The original word مثال (mithál, with the th-sound, as in "both") derives from the Semitic root مثل mathala, which means: to be similar, to resemble. The languages above not only adopted its derivative meaning "example", but also several other forms like amsila, masal, misl, tamsil, those meaning reflects resemblance as well as the "example", "specimen", "model" all resembles to, similar to something.

One of the very useful features of Arabic language is revealed here. This is the radical-system and the pattern driven word forming derives from it. The root letters were emphasized here in order to make easy to realize what kind of patterns are drawn in the specific words, while the order of the root letters never changes.

Moreover, this word is one of those not too rare Semitic words, which share not only similar meaning but also similar pronunciation. Likewise it is in Hebrew mashal (parable/to support with examples), and Amharic msale, msalet (example).

musafir, safari

Once an Arab has told me that Arabic and Romanian are of the same kind of languages. I couldn't hide my opposition. Seeing this, he immediately revealed his argument:

- It's because Romanian when asks how are you doing, what does it say? Ce faci? Right? And likewise the Arabic says: Chefach!

It was an excellent example of a hasty conclusion based on weak knowledge.

Indeed, Romanian says Ce faci, but it literally means: what are you doing? It wouldn't be hard to find the parallels of these words in any Romance languages. Even if he mentions the Slovak čo (a word for "what"), could come closer to the truth than thinking of Arabic.

The Arabic however doesn't say che fach, but it says chef-ach. And it says like this only in some closely distinct dialects in Syria and Jordan. Otherwise it says Kayf (how?) and the 2nd person singular suffix: kayf-ak, كيفك. Therefore it literally says: How are you?

Nevertheless, it really exists something between the two languages, what caught the eyes of their speaker. And this relation is the prominent number of Arabic loan-words in Romanian. As far as I know, this feature didn't get more emphasis in Romanian education than in the Hungarian one.

Such loan-words are the musafir and the world-famous safari as well. Why these two together?
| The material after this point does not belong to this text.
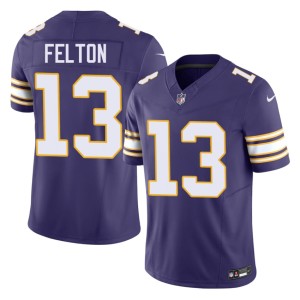 #13 Men Football Purple Throwback Tai Felton Vikings Jersey 703673-174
I tell you soon. Musafir means guest in Romanian, and according to the Etymological Dictionary of the Romanian language (DEX) it derives directly from the Turkish word misafir. The first written form of this word was müsafir which also means guest. Interesting feature, that Romanian ignored the ü/i version, and accepted the u-version, or in some dialects the currently also widely used o-based transcription: mosafir (cp. Mohamed), which is closer to the original as well. Maybe this tendency can be seen in case of the transcription of the Hungarian word Csík into Ciuc, although the original sound in this word is different.
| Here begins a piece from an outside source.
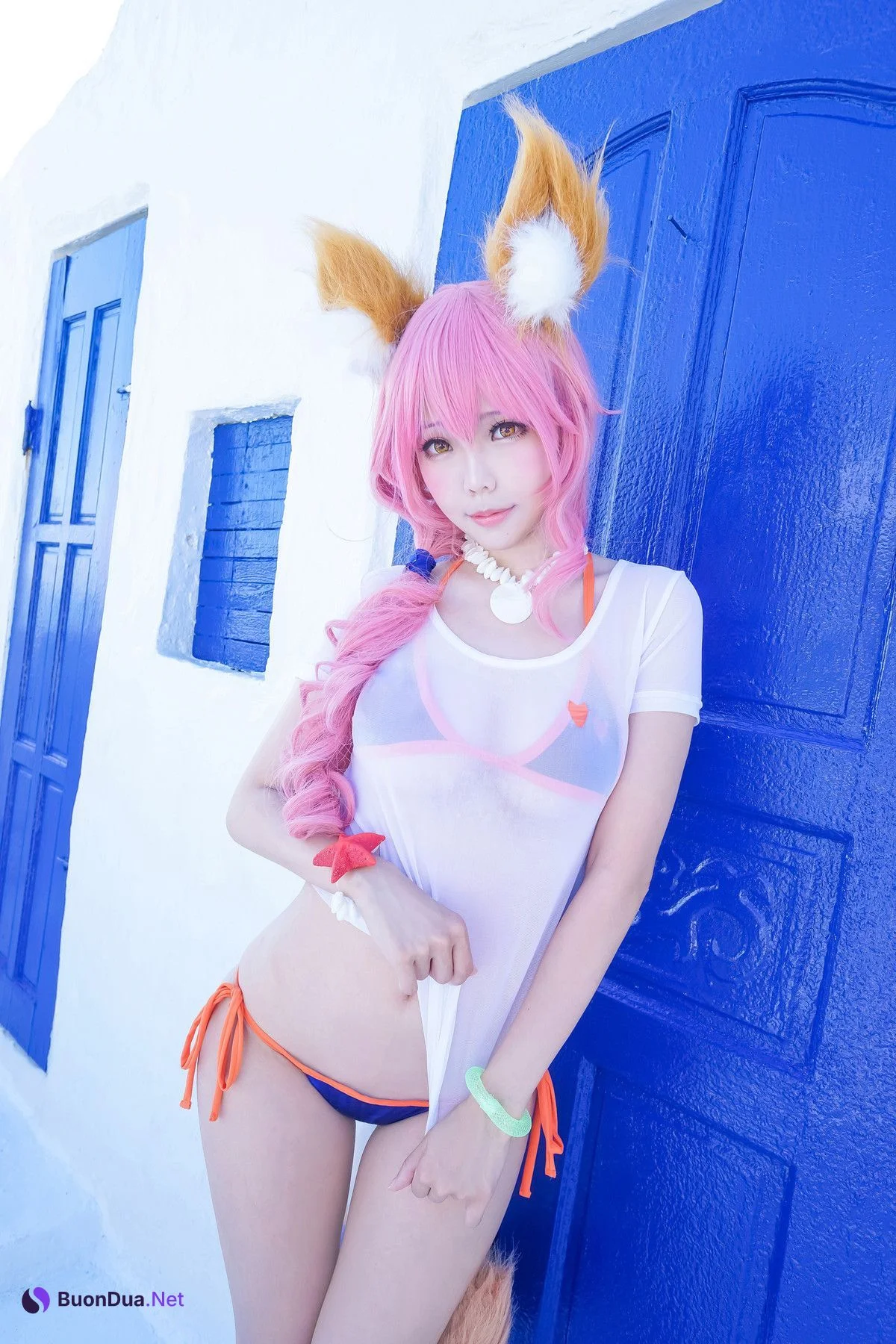 Cosplay ElyEE子 玉藻前泳装 - 사진 17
Noteworthy, that the word musafir can be found in modern Greek as well in the form μουσαφίρης (~musafiris).

The original word was the Arabic musáfir - مسافر, which literally means traveller, who was traditionally received too. This itself derives from the root سفر safara, with the general meaning: to travel.
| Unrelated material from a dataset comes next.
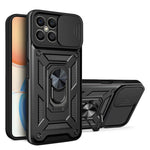 Design della fotocamera scorrevole Custodia per telefono in TPU + PC, For Honor X8, For Honor X9 5G/X9 4G, For OPPO A77/A57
Here comes safari into focus, which also derives from this root, and in its original meaning it means journey, travel as well. This word travelled through the whole world and appeared in English in 1858 as safar and in 1860 as safari in the meaning: journey, expedition, taken from Swahili directly.

taraf, tarifa

The Romanian word taraf derives from Turkish. In Romanian it means ensemble, small orchestra, band. In Turkish however it means side, facet. Turkish itself loans this word from Arabic (طرف), where it means extremity. It derives from the root tarafa, which means to blink, to twinkle. How it comes from wink to extremity and from extremity to ensemble is obscure for me.

Nevertheless, this has nothing to do with the world famous word tariff (Hungarian tarifa), which also derives from Arabic, but from a different word ta3reef (تعريف), information, announcement, notification, list of fees to be paid. This was adopted by Latin, Italian and English as well. Its root is 3arafa (عرف), to know, to recognize.